Why do I get such poor results from Tesseract for simple single character recognizing?

Yuliana Zigangirova

unread,

Oct 15, 2018, 4:44:16 PM10/15/18

to tesseract-ocr

Hi everyone,

I am trying to use Tesseract for single character recognizing and the results are awful.

"h" is recognized as "n", "4" as "/i", "O" as "()";

Single character mode seems not to act, as many characters are recognized as two characters,
not just one. My images are simple bilevel black and white TIFF images,
latin characters. This is bitmap font, not scanned images, they are absolutely clean and
need no improvement.
Оnly about half of the characters are correctly recognized, which seems to be
a very low percent for such a simple task.

The library Tesseract version I am using is "4.0.0-beta.3".
This is how I call Tesseract.

int CharRecognizer::recognizeTIFFData(char* data, int datalength){
            char *outText;
            TessBaseAPI* api = new TessBaseAPI();
            // Initialize tesseract-ocr with English, without specifying tessdata path
            if (api->Init(NULL, "deu")) {
                    fprintf(stderr, "Could not initialize tesseract.\n");
                    exit(1);
            }
            api->SetPageSegMode(tesseract::PSM_SINGLE_CHAR);
            Pix *image = pixReadMem(data,datalength);
            api->SetImage(image);
            // Get OCR result
            outText = api->GetUTF8Text();
            printf("\nOCR output:\n%s", outText);
            // Destroy used object and release memory
            int utf8 = outText[0];
            api->End();
            delete[] outText;
            pixDestroy(&image);
            return utf8;
}

I am new to Tesseract, so probably I am missing something.
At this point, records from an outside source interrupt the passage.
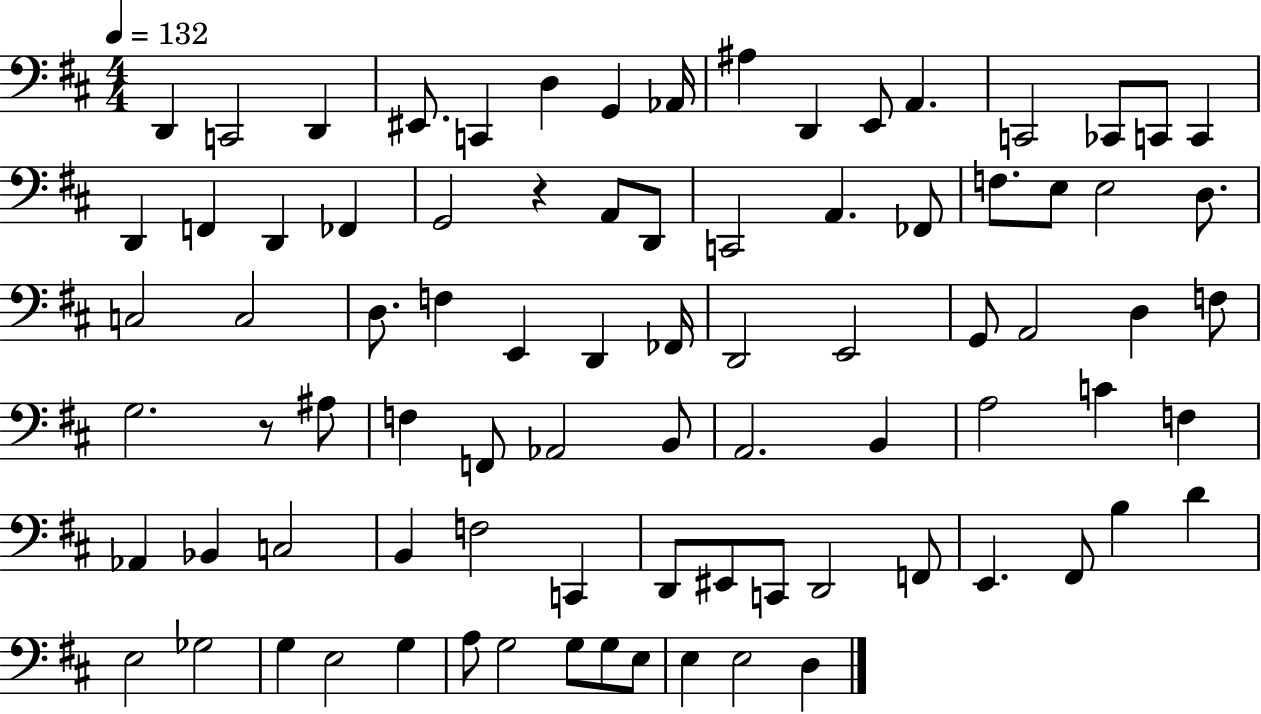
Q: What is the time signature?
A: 4/4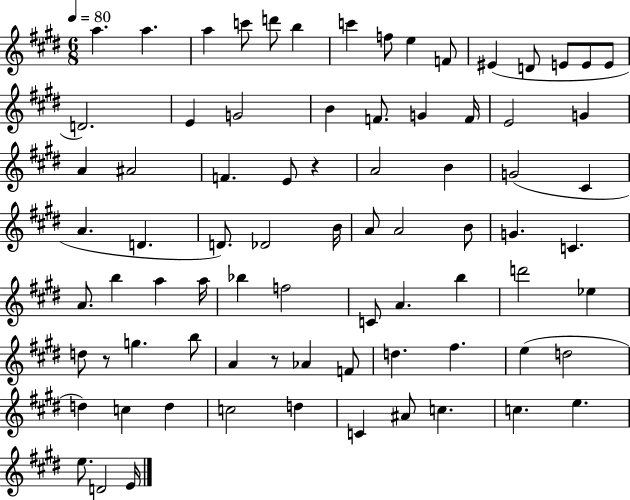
{
  \clef treble
  \numericTimeSignature
  \time 6/8
  \key e \major
  \tempo 4 = 80
  a''4. a''4. | a''4 c'''8 d'''8 b''4 | c'''4 f''8 e''4 f'8 | eis'4( d'8 e'8 e'8 e'8 | \break d'2.) | e'4 g'2 | b'4 f'8. g'4 f'16 | e'2 g'4 | \break a'4 ais'2 | f'4. e'8 r4 | a'2 b'4 | g'2( cis'4 | \break a'4. d'4. | d'8.) des'2 b'16 | a'8 a'2 b'8 | g'4. c'4. | \break a'8. b''4 a''4 a''16 | bes''4 f''2 | c'8 a'4. b''4 | d'''2 ees''4 | \break d''8 r8 g''4. b''8 | a'4 r8 aes'4 f'8 | d''4. fis''4. | e''4( d''2 | \break d''4) c''4 d''4 | c''2 d''4 | c'4 ais'8 c''4. | c''4. e''4. | \break e''8. d'2 e'16 | \bar "|."
}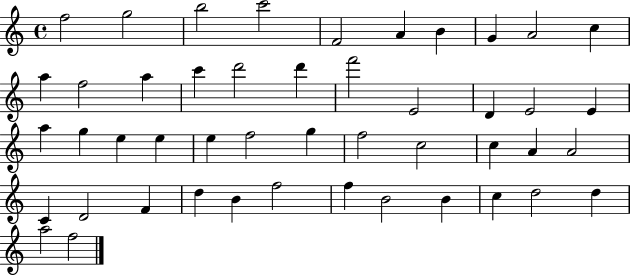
{
  \clef treble
  \time 4/4
  \defaultTimeSignature
  \key c \major
  f''2 g''2 | b''2 c'''2 | f'2 a'4 b'4 | g'4 a'2 c''4 | \break a''4 f''2 a''4 | c'''4 d'''2 d'''4 | f'''2 e'2 | d'4 e'2 e'4 | \break a''4 g''4 e''4 e''4 | e''4 f''2 g''4 | f''2 c''2 | c''4 a'4 a'2 | \break c'4 d'2 f'4 | d''4 b'4 f''2 | f''4 b'2 b'4 | c''4 d''2 d''4 | \break a''2 f''2 | \bar "|."
}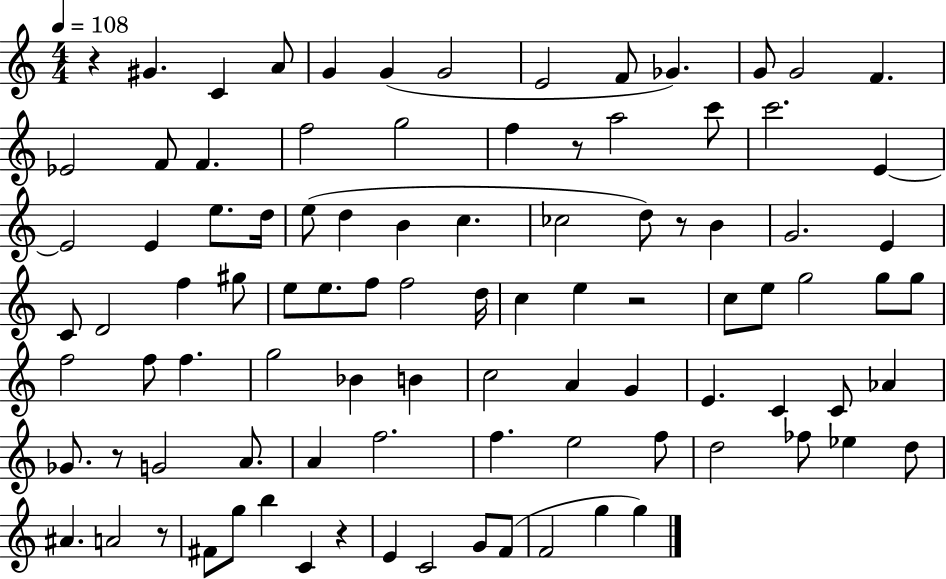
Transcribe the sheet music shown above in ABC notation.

X:1
T:Untitled
M:4/4
L:1/4
K:C
z ^G C A/2 G G G2 E2 F/2 _G G/2 G2 F _E2 F/2 F f2 g2 f z/2 a2 c'/2 c'2 E E2 E e/2 d/4 e/2 d B c _c2 d/2 z/2 B G2 E C/2 D2 f ^g/2 e/2 e/2 f/2 f2 d/4 c e z2 c/2 e/2 g2 g/2 g/2 f2 f/2 f g2 _B B c2 A G E C C/2 _A _G/2 z/2 G2 A/2 A f2 f e2 f/2 d2 _f/2 _e d/2 ^A A2 z/2 ^F/2 g/2 b C z E C2 G/2 F/2 F2 g g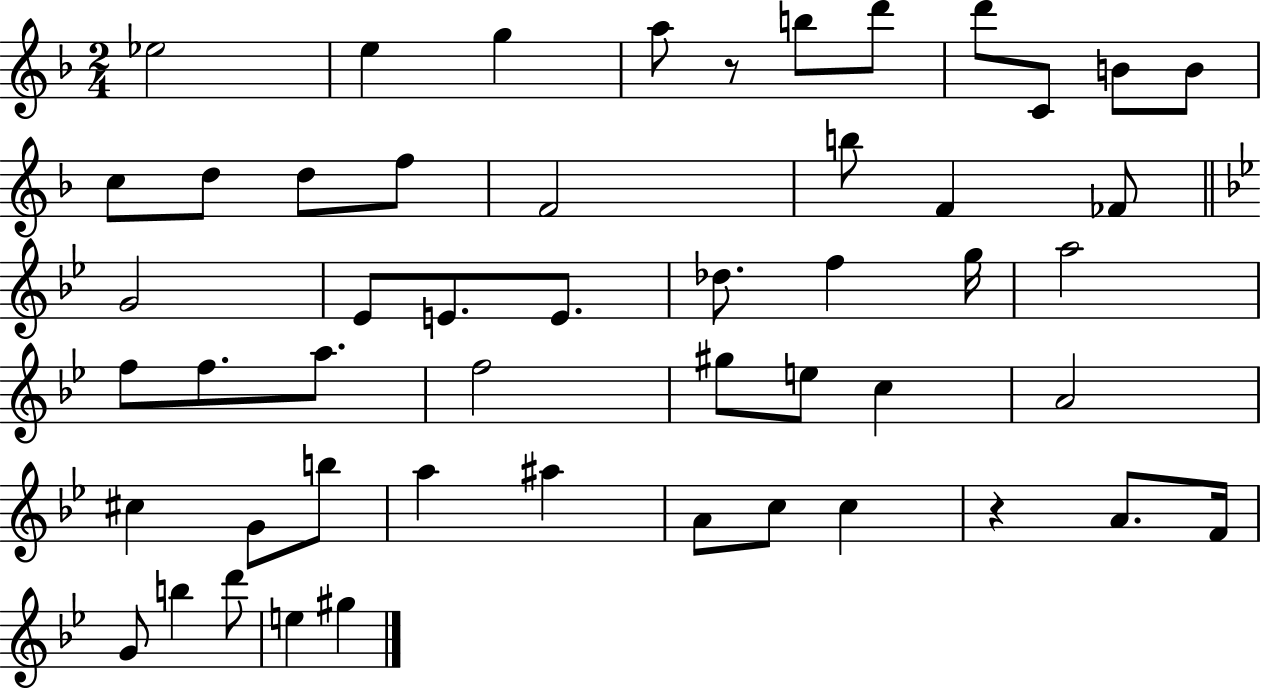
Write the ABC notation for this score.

X:1
T:Untitled
M:2/4
L:1/4
K:F
_e2 e g a/2 z/2 b/2 d'/2 d'/2 C/2 B/2 B/2 c/2 d/2 d/2 f/2 F2 b/2 F _F/2 G2 _E/2 E/2 E/2 _d/2 f g/4 a2 f/2 f/2 a/2 f2 ^g/2 e/2 c A2 ^c G/2 b/2 a ^a A/2 c/2 c z A/2 F/4 G/2 b d'/2 e ^g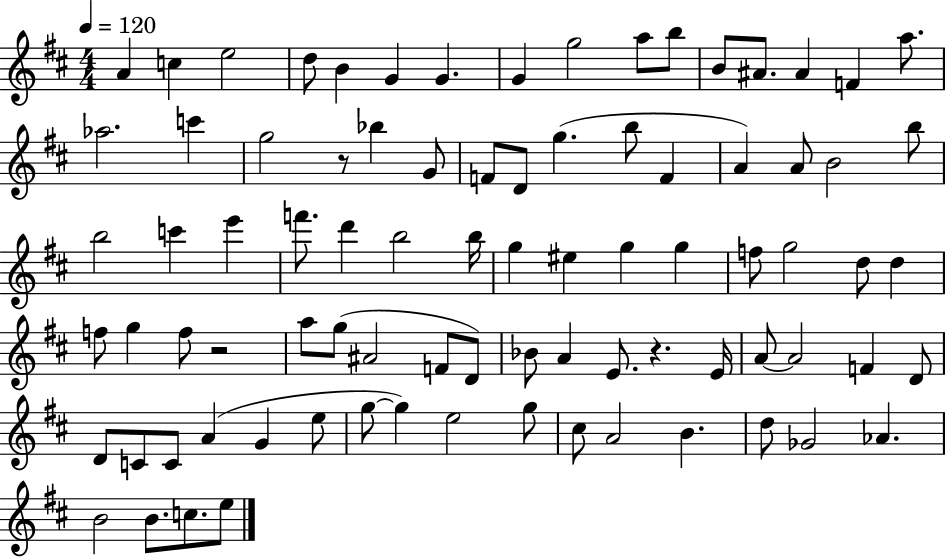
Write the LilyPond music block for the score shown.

{
  \clef treble
  \numericTimeSignature
  \time 4/4
  \key d \major
  \tempo 4 = 120
  a'4 c''4 e''2 | d''8 b'4 g'4 g'4. | g'4 g''2 a''8 b''8 | b'8 ais'8. ais'4 f'4 a''8. | \break aes''2. c'''4 | g''2 r8 bes''4 g'8 | f'8 d'8 g''4.( b''8 f'4 | a'4) a'8 b'2 b''8 | \break b''2 c'''4 e'''4 | f'''8. d'''4 b''2 b''16 | g''4 eis''4 g''4 g''4 | f''8 g''2 d''8 d''4 | \break f''8 g''4 f''8 r2 | a''8 g''8( ais'2 f'8 d'8) | bes'8 a'4 e'8. r4. e'16 | a'8~~ a'2 f'4 d'8 | \break d'8 c'8 c'8 a'4( g'4 e''8 | g''8~~ g''4) e''2 g''8 | cis''8 a'2 b'4. | d''8 ges'2 aes'4. | \break b'2 b'8. c''8. e''8 | \bar "|."
}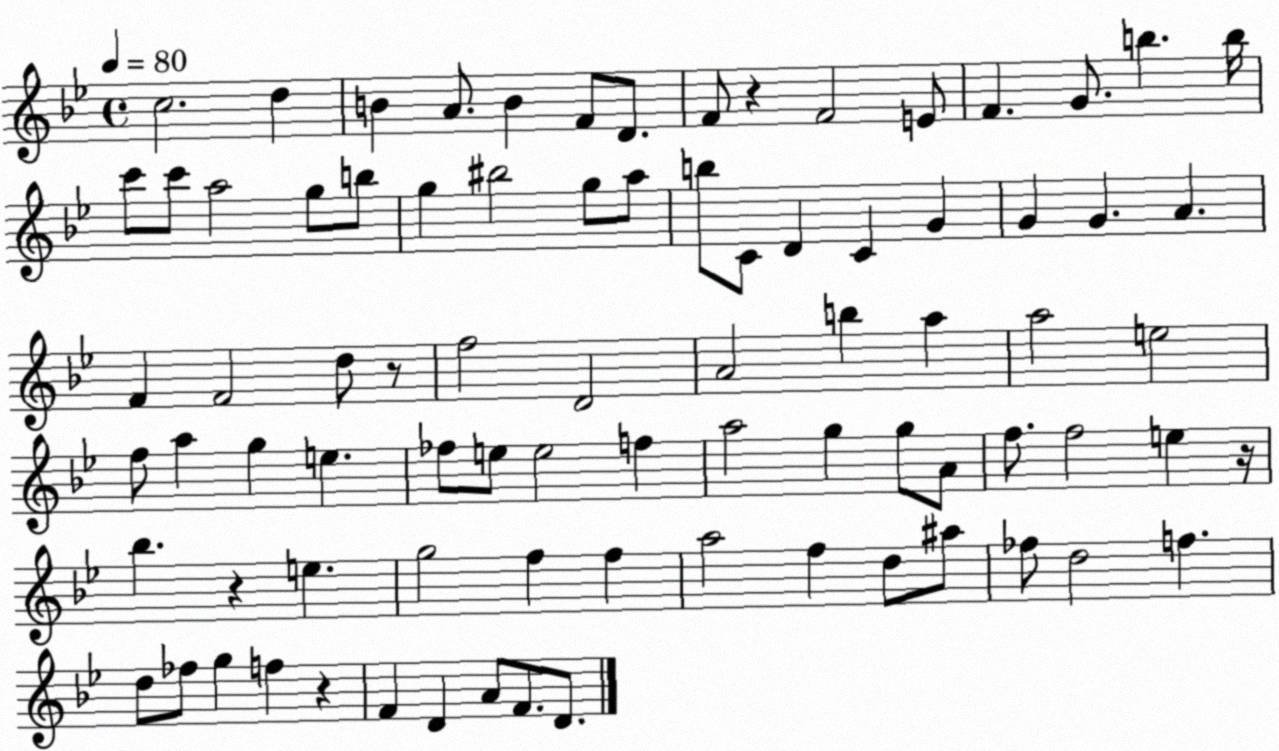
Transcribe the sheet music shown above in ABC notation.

X:1
T:Untitled
M:4/4
L:1/4
K:Bb
c2 d B A/2 B F/2 D/2 F/2 z F2 E/2 F G/2 b b/4 c'/2 c'/2 a2 g/2 b/2 g ^b2 g/2 a/2 b/2 C/2 D C G G G A F F2 d/2 z/2 f2 D2 A2 b a a2 e2 f/2 a g e _f/2 e/2 e2 f a2 g g/2 A/2 f/2 f2 e z/4 _b z e g2 f f a2 f d/2 ^a/2 _f/2 d2 f d/2 _f/2 g f z F D A/2 F/2 D/2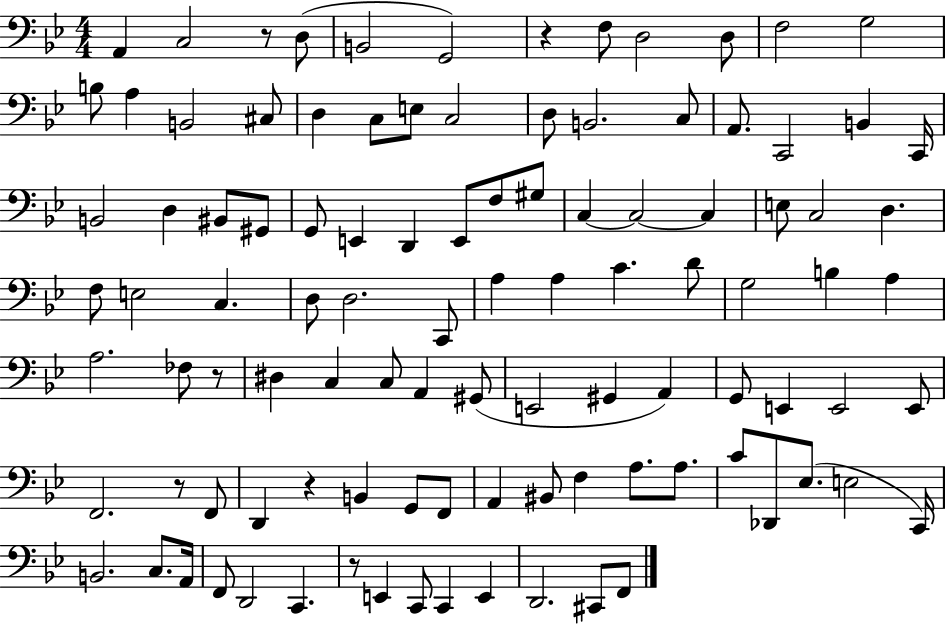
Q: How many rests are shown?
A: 6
Do I have to somehow train
the library first? May be I should set another OcrEngineMode? I have expected no
problems with simple bitmap font recognizing and am quite at lost now.
Thank you very much in advance,
Yuliana

Lorenzo Bolzani

unread,

Oct 15, 2018, 5:32:27 PM10/15/18

to tesser...@googlegroups.com

Try to use psm 7 or 13 (SINGLE_LINE and RAW_LINE). In my case 7 works best.

I'm not 100% sure but it may be easier to recognize full words rather than single characters. But I do not know if this is just a test or if this is what you need to do.

The default oem mode (lstm) should be the best, but you may also try the old one and see what works best in this case.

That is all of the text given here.